* Excerpted data
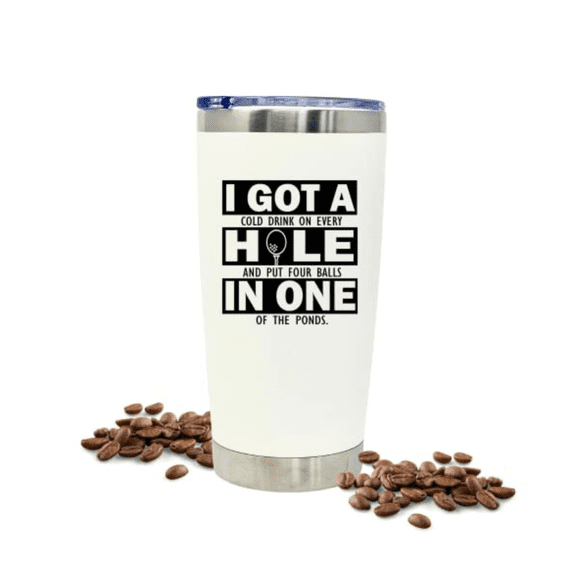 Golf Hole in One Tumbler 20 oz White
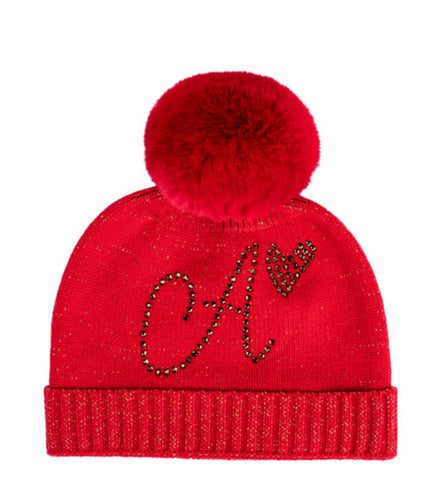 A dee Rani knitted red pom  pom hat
* * *
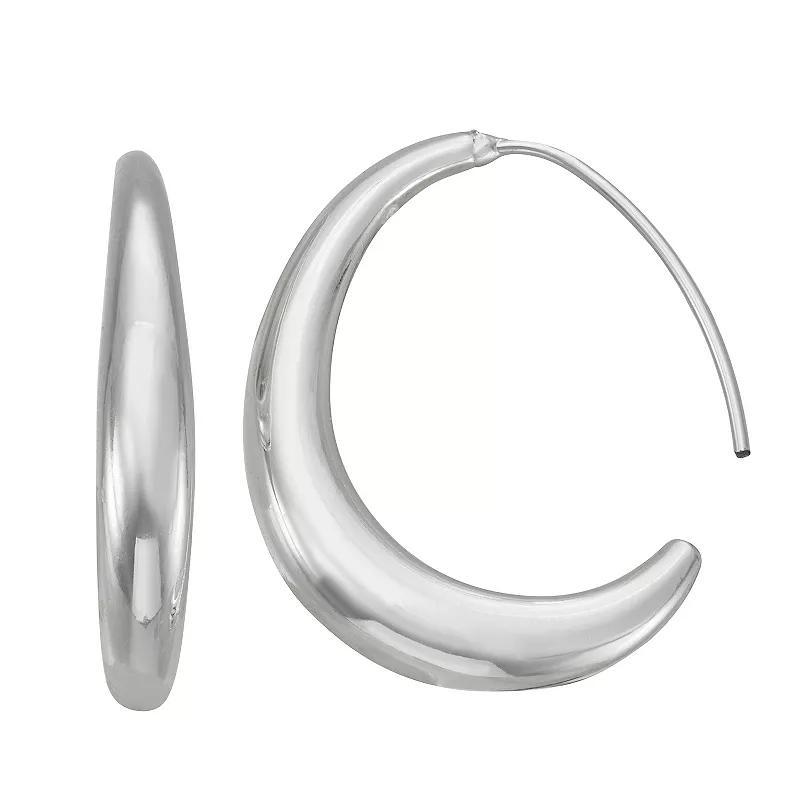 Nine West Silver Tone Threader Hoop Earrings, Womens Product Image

* Task to complete
Set down exactly the lines above, from the line containing "Golf Hole in One Tumbler 20 oz White" through the line containing "A dee Rani knitted". Skip the pictures.

* Solution to this problem
 Golf Hole in One Tumbler 20 oz White
 A dee Rani knitted red pom  pom hat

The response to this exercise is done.